By Carol Schmidt, MSU News Service
Faisal AlSaad has been in the United States for less than a year, but he was profoundly moved when he saw news clips about the victims of the recent American disasters.
“In Saudi Arabia we have the same disaster,” said the incoming Montana State University freshman from Saudi Arabia. “It is called masanada and everyone helps. I thought we should help here.”
AlSaad, who is completing a course in English language through the American Cultural Exchange program at MSU and begins coursework in the fall, asked staff in MSU’s Office of International Programs how he could help, initially thinking that the donations could go to victims of tornadoes in Joplin, Mo. Debra DeBode, a director in OIP, suggested he collect donations for victims of Montana floods, particularly people on the Crow Indian Reservation.
AlSaad set up a booth in the SUB and the first day collected $100.
“Bozeman has a big heart,” AlSaad said.
Fellow members of the MSU Muslim Student Association became involved and mentioned the project to Phenocia Bauerle of MSU’s Diversity Awareness Office. Bauerle, who is a member of the Crow Indian Tribe, linked the MSU students with Aldean Good Luck, outreach coordinator at Little Bighorn College, who headed the donation and distribution of donated items for the tribe. Bauerle said that it was touching that the students, many of whom are not from this country, took the time and put forth such a great effort to help victims of the flood.

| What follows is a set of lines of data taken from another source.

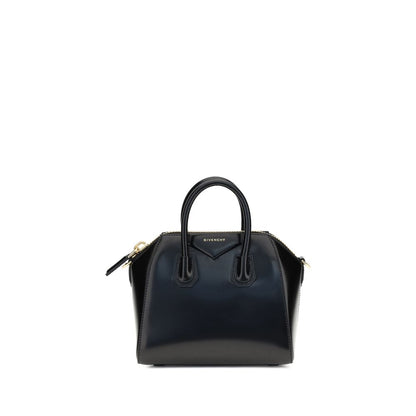 Alt Tag: Givenchy Black Calf Leather Bos Taurus Handbag with geometric pattern and iconic monogram, featuring a glossy finish and dual handles.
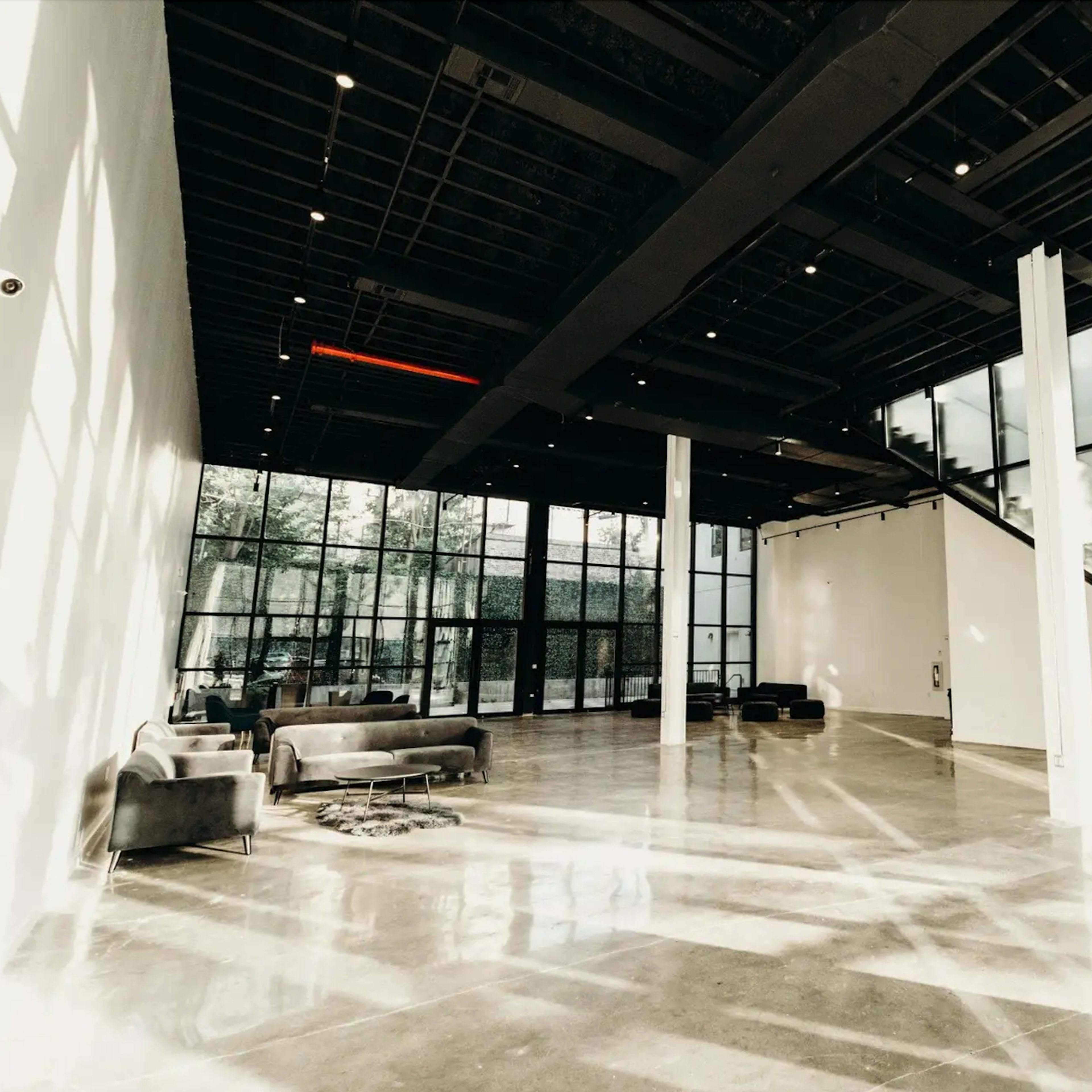 A spacious, modern interior featuring concrete floors, large glass windows, and minimalistic furniture arranged in an open area.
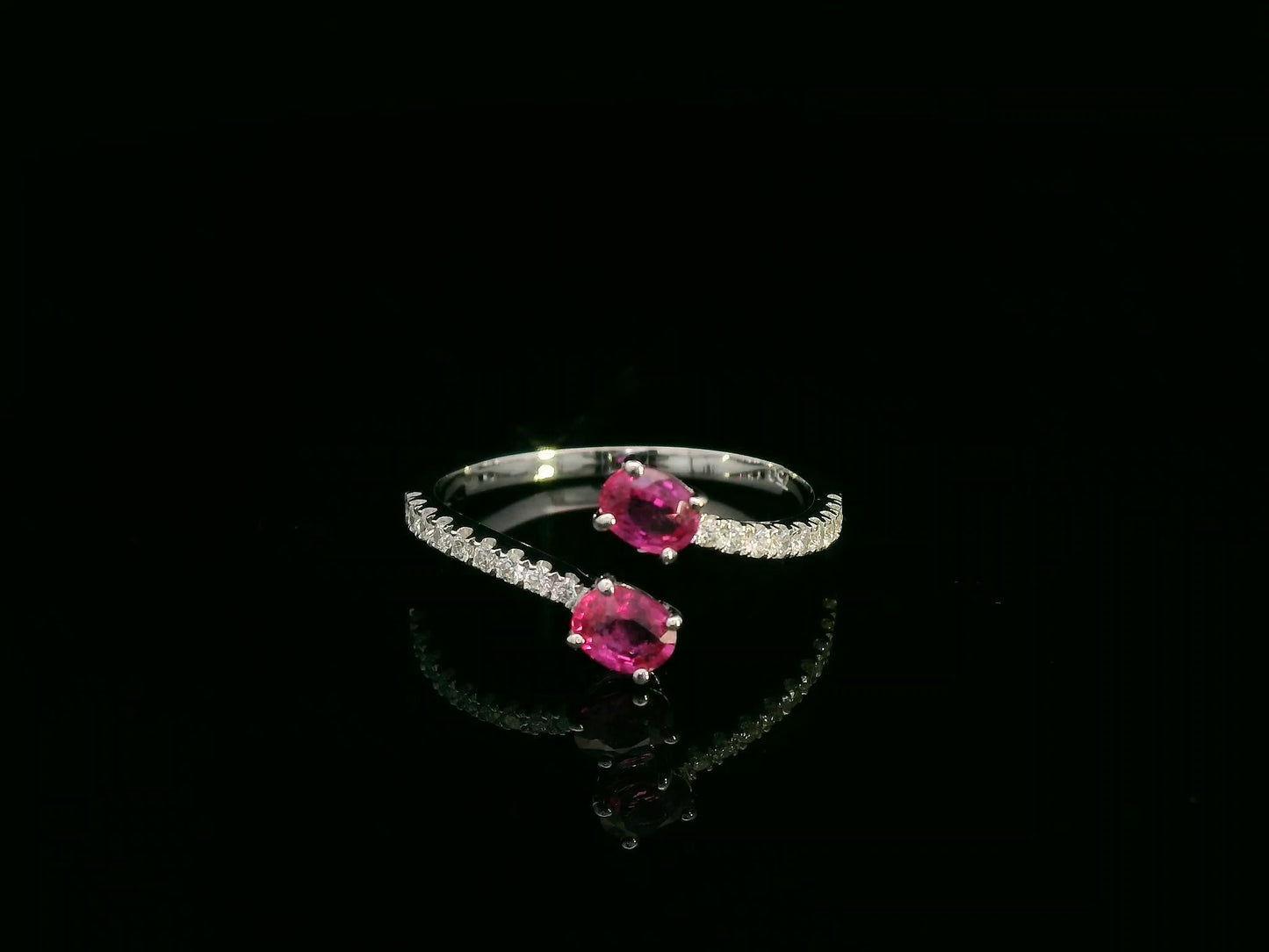 18K white gold open bypass ring with oval ruby gemstones and pavé diamond accents – fine ruby and diamond jewelry by Emirates Diamonds.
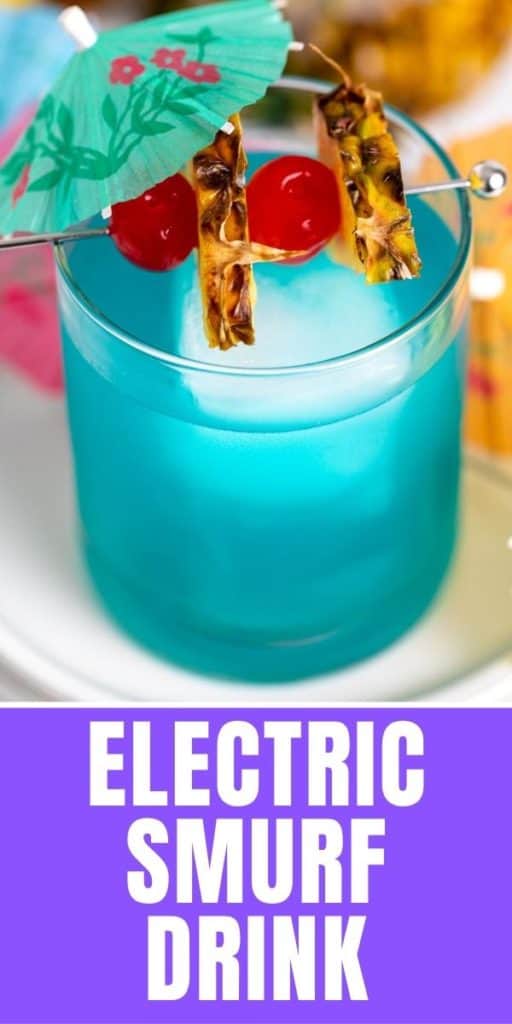 Electric smurf cocktail with cherry and pineapple garnishes.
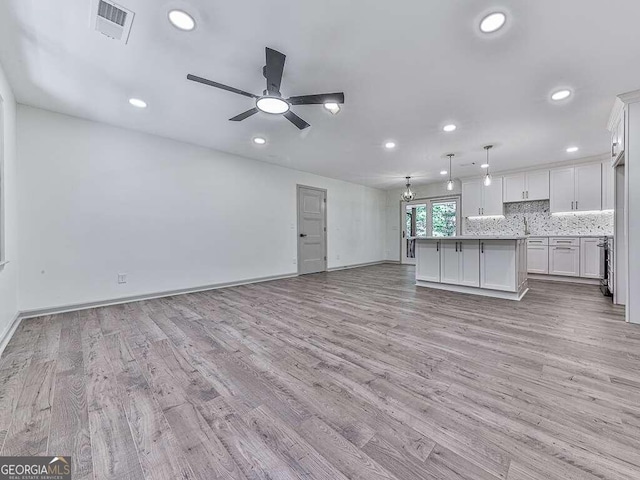 unfurnished living room with ceiling fan and light wood-type flooring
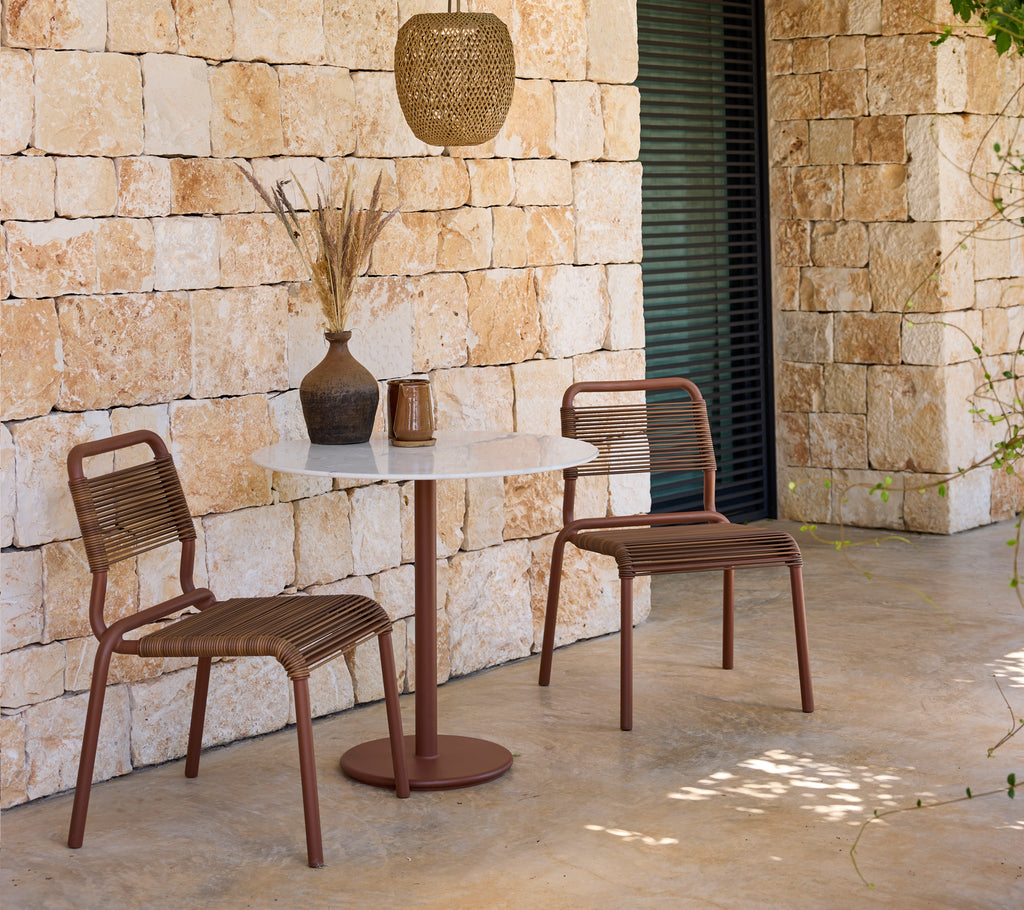 Moderne loungeopstelling met bruine stoelen en een witte tafel.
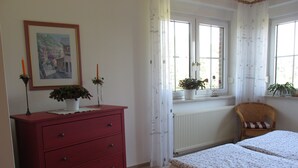 A bedroom with a red dresser, a bed with a floral bedspread, a wicker chair, and a window with curtains.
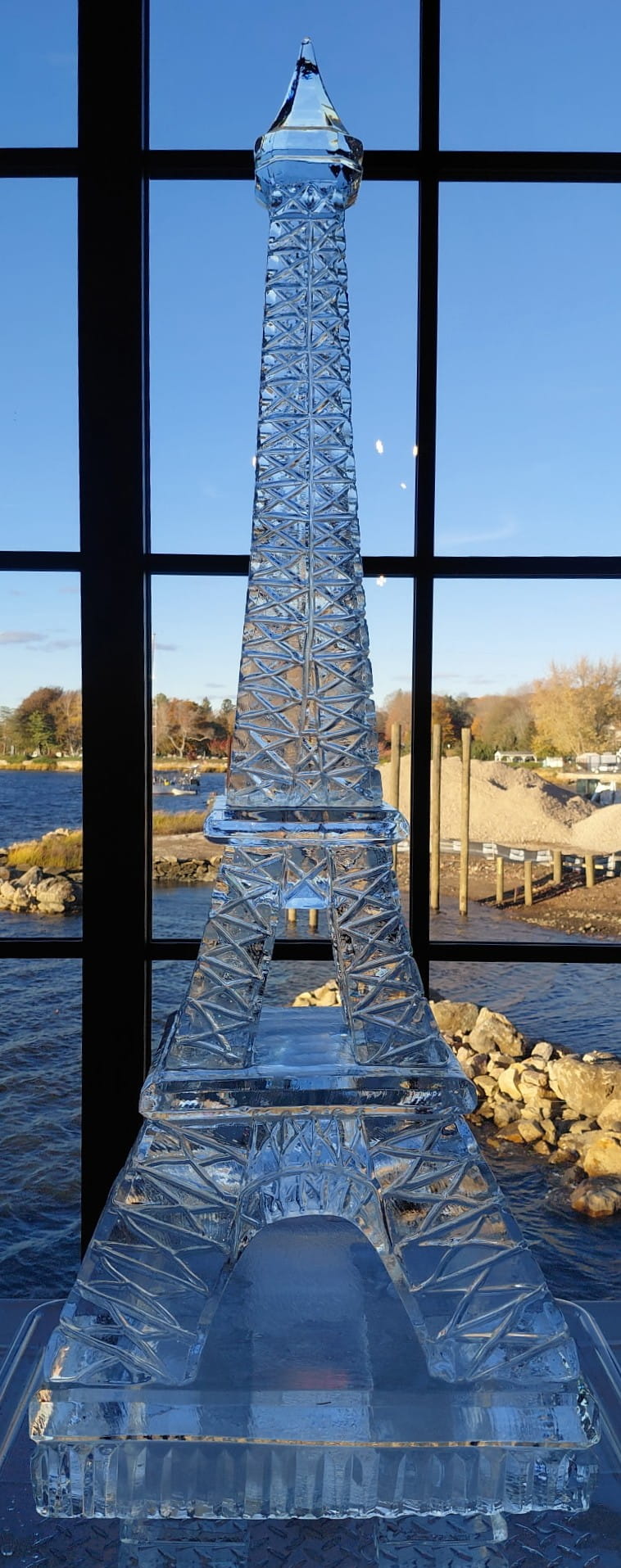 Tall stacked ice tower sculpture for event centerpiece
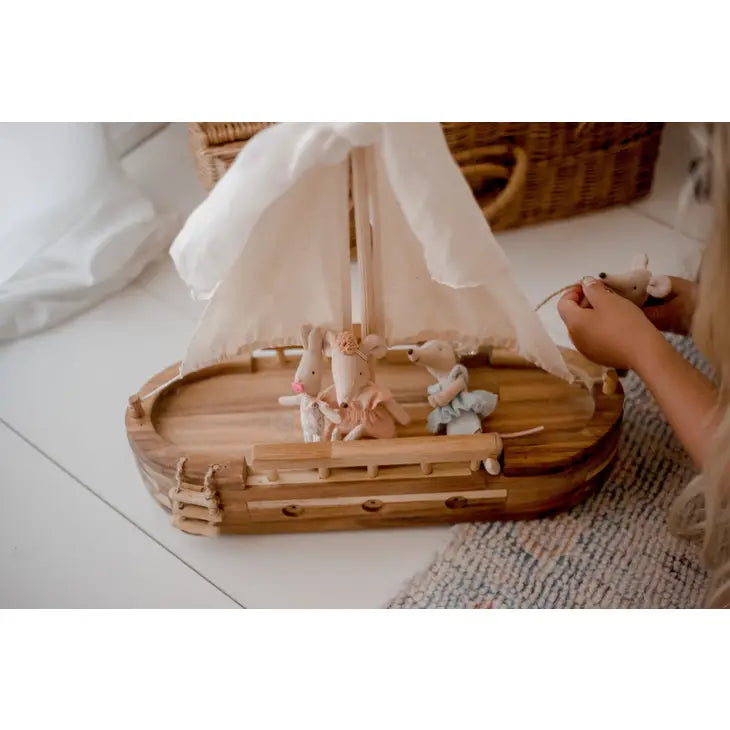 Child playing with wooden toy sailboat and mouse dolls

“It was great to see the community here respond,” Bauerle said. “The Muslim Student Association being part of this shows their strong commitment to community and giving back – I’ve worked with this group on various events, and throughout everything, there is an extremely strong sense of community. It makes me proud to work with them, and I hope that the they are seen for all of the positive things that they do without being asked.”
In the meantime, members of the MSA manned tables daily in the MSU SUB taking in donations.
“It was gratifying,” said Abdullah “Rocky” Yassin, a sophomore majoring in electrical engineering from Chicago who is president of the MSU Muslim Student Association. “We live in a generous place.”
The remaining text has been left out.